Alert readers may notice that "cards.txt" has names consisting of only one "word" (by which I mean a contiguous sequence of non-whitespace characters) each, and that some of them don't exctly match my summary. The one-"word" thing makes them easier for shell scripts to process, and I translate these internal names into less-cryptic (I hope) things like "maple leaf" (Canada) or "exclamation point" (bang).

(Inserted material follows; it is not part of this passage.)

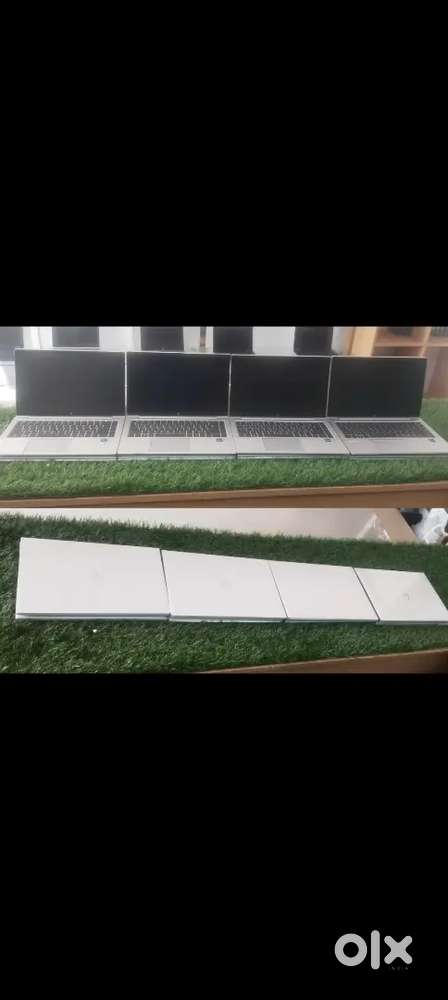 Hp Dell Lenovo Corporate laptops 15k to 38k H-TECH PORUR Virugambakkam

The format of "cards.txt" made for easy error checking, which as it turned out was necessary. (If you're thinking at this point, "How anal!" all I can say is "guilty as charged, yer honor.") It also made for some easy analysis. For example, we learn that although most of the symbols appear on 8 cards each, some don't:

% grep -v '^$' cards.txt | sort | uniq -c | sort -n | head -n16
   6 snowman
   7 Canada
   7 bang
   7 cactus
   7 daisy
   7 dinosaur
   7 dog
   7 eye
   7 ice
   7 ladybug
   7 light-bulb
   7 man
   7 question
   7 skull
   7 stop
   8 anchor
% grep -v '^$' cards.txt | sort | uniq -c | sort -n | tail -n3
   8 web
   8 yin-yang
   8 zebra
% 
The (American) English translation of the above is: only six cards have a snowman. Fourteen symbols (maple leaf, exclamation point, cactus, daisy, etc.) appear on only 7 cards each; the rest appear on 8 cards each. This suggests that two cards could be added to the deck. Each card would have a snowman and 7 of the other symbols. Which symbols? Well, any symbol that would appear with the maple leaf (aka "Canada") on a new card must not already appear with the maple leaf on another card. How to decide that?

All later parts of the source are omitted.